Tsuguo “Ike” Ikeda was born 1924 in Portland, Oregon. Like many Japanese Americans in Oregon, he was incarcerated at the North Portland Assembly Center and later, the Minidoka concentration camp in Idaho. At the age of 17, Tsuguo walked into the Minidoka Concentration Camp & vowed to spend the rest of his life working for those without a voice. After he graduated from high school and left Minidoka on indefinite work leave, he was drafted in 1944. Tsuguo graduated from United States Military Intelligence Service Language School and after he was discharged, returned to Portland, Oregon, and graduated from Lewis Clark College in 1949. He became one of the first Nisei to obtain Master of Social Work degree from University of Washington in 1951, when he got married, and ultimately had four children.

Incarceration led Ikeda to resolve to work for social justice for the rest of his life.

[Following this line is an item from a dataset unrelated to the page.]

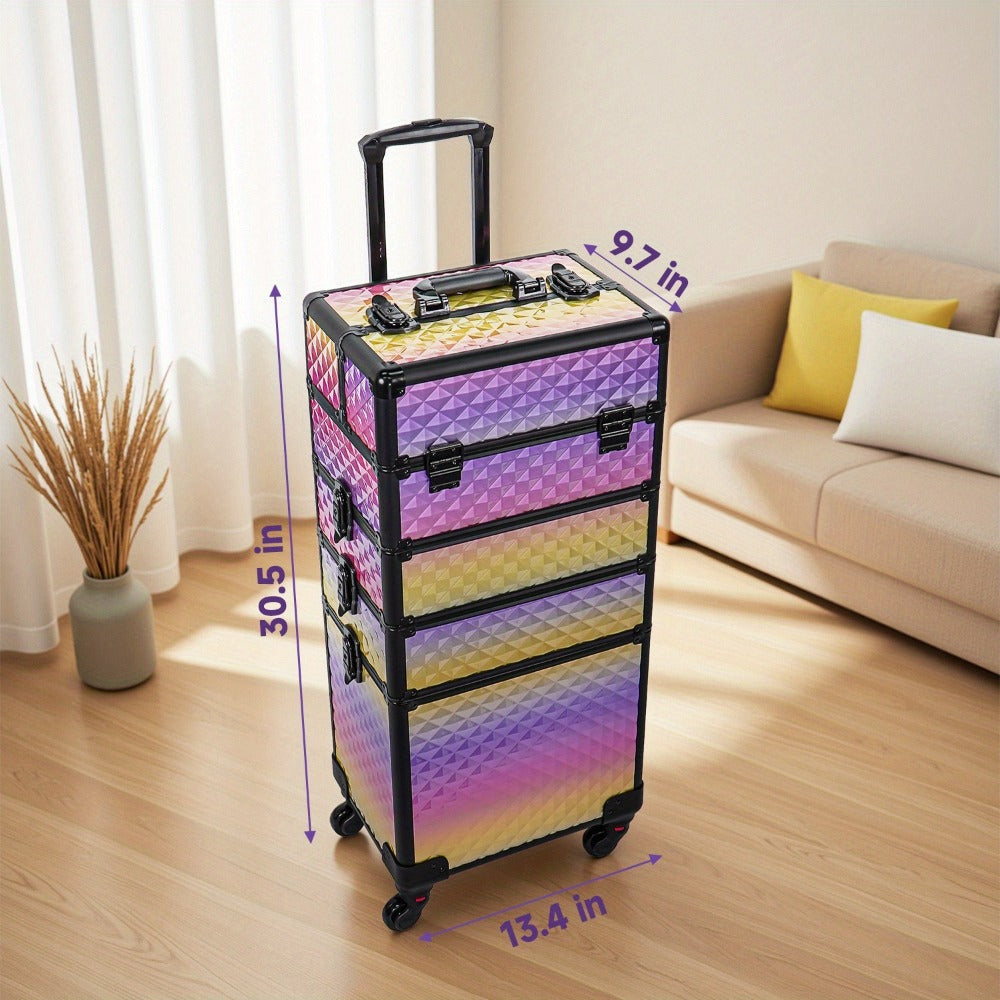 Rolling Makeup Train Case 4-in-1 Large Portable Cosmetic Trolley with 360 Degree Swivel Wheels Beauty Sponge Included Professional Salon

He worked to reduce racial discrimination, and promoted multi-racial, cross-cultural cooperation, equal opportunity and affirmative action in community, church, nonprofit, government and other arenas. In 1953, he was one of the first Nisei hired as executive director of a nonprofit organization in the United States (outside the Japanese American community), and served at the Atlantic Street Center in Seattle for 33 years, until he retired in 1986. He lead its transformation from settlement house to social service agency, focused on providing services for at-risk youth.
The center developed the first computerized system for case records in the US with funding from the National Institute of Mental Health (NIMH). The NIMH study lasted seven years and produced “Effectiveness of Social Work with Acting Out Youth,” which at the time was ranked as one of the top ten studies of its kind in the nation.

In the late 1960s, when Tsuguo allowed the Seattle Black Panthers to use the Atlantic Street Center facilities to provide a breakfast program for local underprivileged children, it was a controversial decision. But the benefit to the children was clear and the leader of the Black Panthers and Tsuguo ended up developing a mutually respectful and constructive relationship. Tsuguo also organized and facilitated a minority inmate coalition at the Washington State Department of Corrections Monroe Reformatory (now Correctional Complex). The coalition was successful at decreasing the incidents of violence between the groups of minority inmates and was the first of its kind in the state. Tsuguo mentored and advised community members, including sharing a set of principles he developed based on values from his cultural heritage, until he passed away in 2015, at the age of 91, surrounded by his family. He is the recipient of numerous awards, recognitions of service, and honors for his professional and volunteer contributions to society.